Por exemplo, ele relata que bebidas alcoólicas faziam muito mal para ele, enquanto acordar às seis da manhã e tomar um chá forte aumentava sua disposição. Durante esse período, ele se sentia inspirado para escrever. Contudo, seu método preferido de criação era caminhar. Ao subir montanhas e contemplar as belas paisagens de Sils-Maria, Nietzsche frequentemente tinha ideias que anotava durante as caminhadas. Um capítulo inteiro de um livro surgiu assim, e foi também nesse contexto que ele concebeu algumas de suas principais teorias, como o conceito de super-homem (Übermensch) e o amor fati (amor ao destino).
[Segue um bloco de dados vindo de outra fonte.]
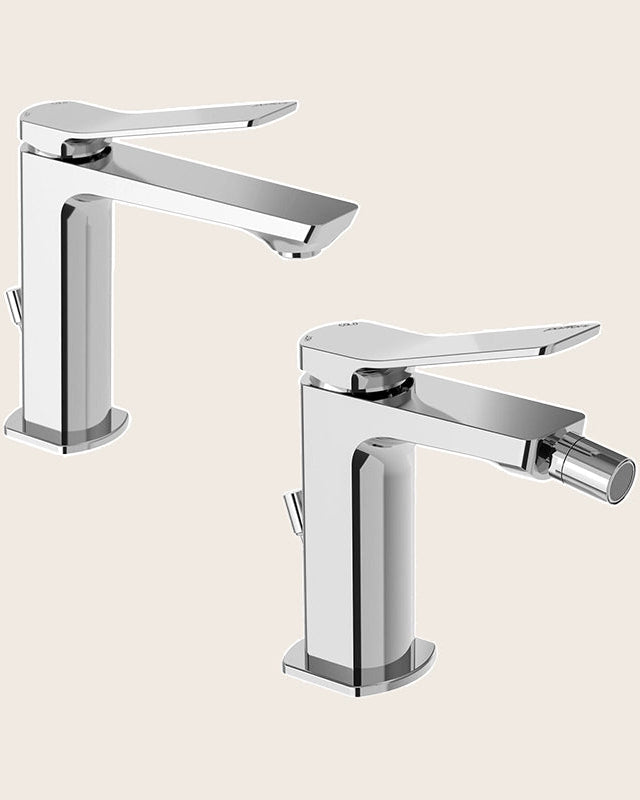 Paffoni tilt coppia miscelatori lavabo e bidet con scarico Cromo Lucido ambientato su piano bagno con accessori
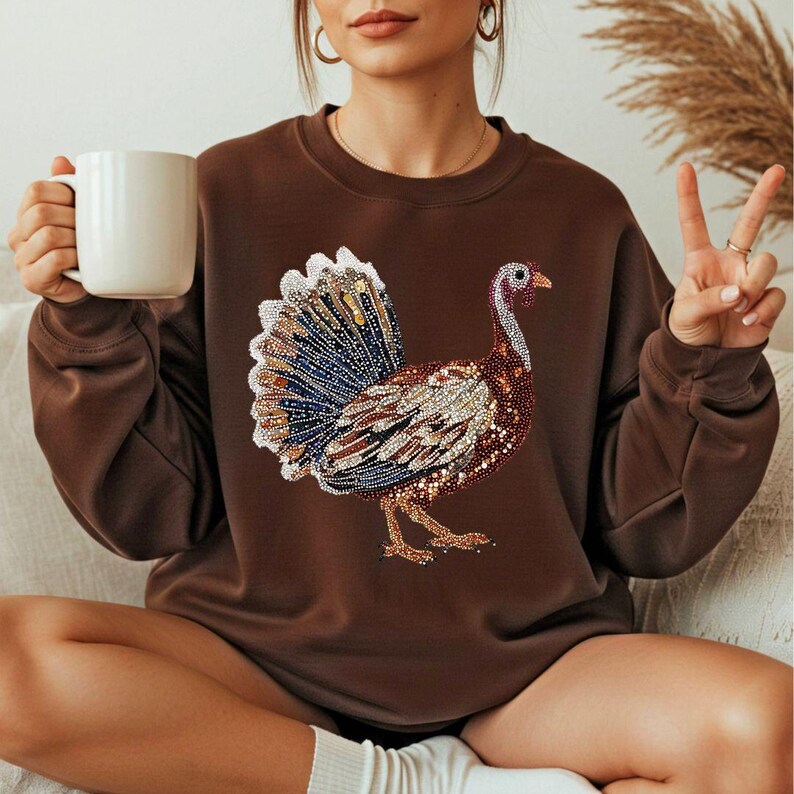 May include: A brown sweatshirt featuring a detailed, colorful turkey design. The turkey is embellished with various colors and textures, including blue, brown, and gold. The sweatshirt is a solid brown color and has long sleeves.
Gosto de ler esses filósofos porque suas ideias rejeitam conceitos transcendentais, como a alma ou o espírito. Para eles, tudo o que existe é o corpo, e nossa razão e vontade surgem da relação do corpo com o mundo e das afecções que ele sofre. O sagrado para Nietzsche era o sentido da terra, enquanto o Deus de Espinosa era um Deus imanente — ou seja, Deus é a própria natureza, a força vital que move o mundo. Nada existe fora dele. Por isso, ambos são grandes críticos da metafísica, das ideias transcendentes e da noção de além-mundos.
Para eles, não existem o bem e o mal absolutos — conceitos que Nietzsche considerava invenções humanas, especialmente da moral cristã, fruto de ressentimento e de uma vontade de punir ou recompensar. Em vez disso, o que existe é o bom e o ruim. Bom é o que é apto para a vida, o criador por excelência, aquele que busca sempre expandir sua potência de agir. Ruim é o fraco, o ressentido, aquele que vive preso ao passado e não aceita a vida como ela é, buscando consolo em um mundo superior — como o reino dos céus, que promete redimir o sofrimento.
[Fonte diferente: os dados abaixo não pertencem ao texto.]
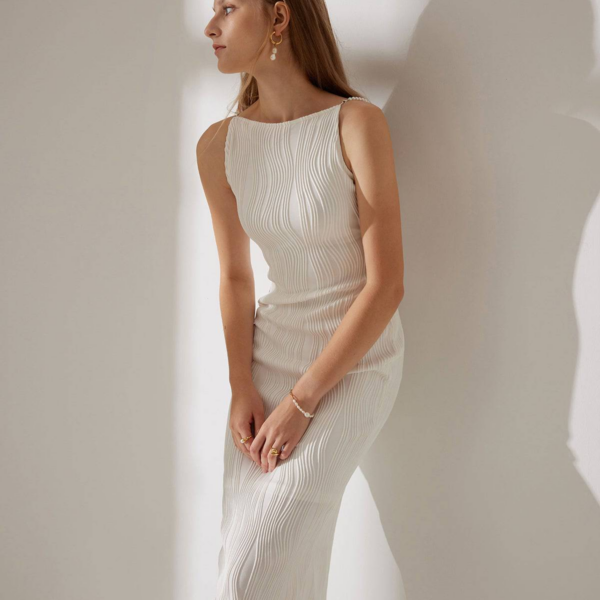 Fabric:This dress is made of Polyester and Elastane. Polyester is a man-made fiber that is soft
Esses fracos, segundo Nietzsche em Assim Falou Zaratustra, são os desprezadores do corpo, aqueles que estão cansados de seus corpos e, por isso, acreditam na alma. Porém, tanto para Nietzsche quanto para Espinosa, tudo o que importa é o corpo e a energia vital que o move, ora aumentando, ora enfraquecendo.
Tenho predileção por estudar esses filósofos porque eles redimem o homem de seu sofrimento, de suas circunstâncias e do peso do pecado. Como Nietzsche diz:
“Ninguém é responsável por sua existência, pela sua constituição, pela sua situação, pelo seu ambiente e pelo fato de que se encontra em tais circunstâncias. A fatalidade de sua essência não pode ser desmembrada da fatalidade de tudo o que foi e será. Não se pode julgar, não se pode imputar culpa a ninguém por estar aqui. Ser é uma tremenda fatalidade.”
Julgar o ser humano seria o mesmo que julgar o todo. Mas não existe nada fora do todo. Nietzsche critica, assim, o livre-arbítrio e a ideia de uma razão pura que seria responsável pelas escolhas humanas, como defendiam Descartes e Kant. Para Nietzsche, nossas decisões são tomadas pelo corpo, de forma inconsciente, a partir da relação com o mundo. A consciência apenas chega depois. Por exemplo: o corpo sente fome, e então a consciência pensa em maneiras de se alimentar. O corpo sente dor, e a consciência busca formas de aliviar esse sofrimento.
Essas teorias, desenvolvidas há mais de dois séculos, encontram hoje respaldo em pesquisas da neurociência, como as do famoso neurocientista António Damásio. Ele é autor de obras como O Erro de Descartes e estuda a relação entre corpo e mente, defendendo que os sentimentos e a razão surgem das interações entre o organismo e o mundo. Damásio, assim como Nietzsche e Espinosa, rejeita a separação rígida entre mente e corpo, argumentando que a consciência é um produto da corporeidade e das emoções.
Na prática, no entanto, é difícil aplicar essas ideias. Agir sempre de forma a expandir nossa potência, sem diminuí-la, é um desafio constante. Como diria Nietzsche, na prática, a teoria é outra quando se trata de viver.